Live Cinema is basically about modifying video clips and effects in real time. A lot of these apps rely on sets of patches (another example would be puredata), which usually are a set of components relying and transforming the data before it ends up on the screen.
Gstreamer does this on the low-level. You can do these "patches" even directly through the command line. These include effects. I figured there has to be a gst app for these things, but there isn't.. the only one I found was Gstreamer Editor).
I think it would be cool to create one. This could also result in a lot of new effects available for gst. Perhaps one could use Clutter for the UI :).
So the Helsinki Medialab demoday came and went. It was great. Again a chance to see loads of mlabbers in one place and a variety of inspiring projects.
This time I had something to show as well. A simple idea based on photo compositions. In short I created scripts that downloaded all the mlabber photos from the net, analyzed them and created copies of them by composing all the images together. Then I created a Processing visualization using some of the OpenGL stuff it provides. Below is my image composed.
Me made out of 1024 mlabbers
I also wanted to play around with electronics. Had a very hard time trying to think of a clever way of using them with this composition project and in the end didn't come up with one. Instead decided to create a simple UI to the visualization.
The end result was the magical milk can. Rotating the can controls the rotation of the images, moving your hand towards the bottom of the can makes the images fly faster. Simple, useless, confusing but a lot of fun to create and use.
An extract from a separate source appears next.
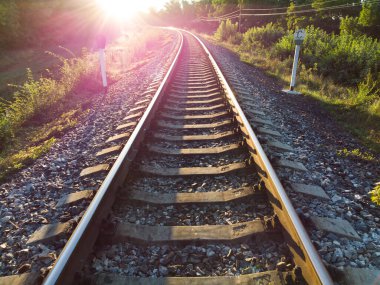 Railroad tracks sparkle in the bright morning sunrise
Interface Design with Electronics is one of the best workshops Mlab offers. During a five day period students get a very hands-on experience with Basic stamp microcontrollers, various sensors and other electronic stuff. As always the workshop ends with a group project.
We did "Mothman", a strange audio-visual "installation" that reacts to ambient light and distance from viewer. We used Pure data, Processing and Basic Stamp with an ultrasound and light sensors. It was a lot of fun. Now I'm trying to come up with a new project idea that would involve sensors..
Long time since last post.. things have accumulated in such fashion that I'll have to do this one braindump.
First off if someone was wondering the weird Turkish pages that replaced all index-pages on sokkelo, the reason was that our webhosting provider was hacked by some Turkish script-kiddies (damn kids). Apparently they got in via a hole in their software (not a direct attack against sokkelo). Luckily only index-files needed replacing.
Secondly I've posted my first processing experiments here in case someone is interested. The sketch in question takes photos via the webcam and allows you to draw over them with a laser pointer (or mouse, if you can't project the image anywhere). Kinda works like the Graffiti Research Labs Laser Tag system except we don't do perspective correction and they don't do photos. The thing was used in our official MLAB-party that kicks off our studies in HelsinkiMediaLab. Our Flickr MLAB-feed is now cluttered with "art" created by people at the party (we had automatic flickr uploading through a python script).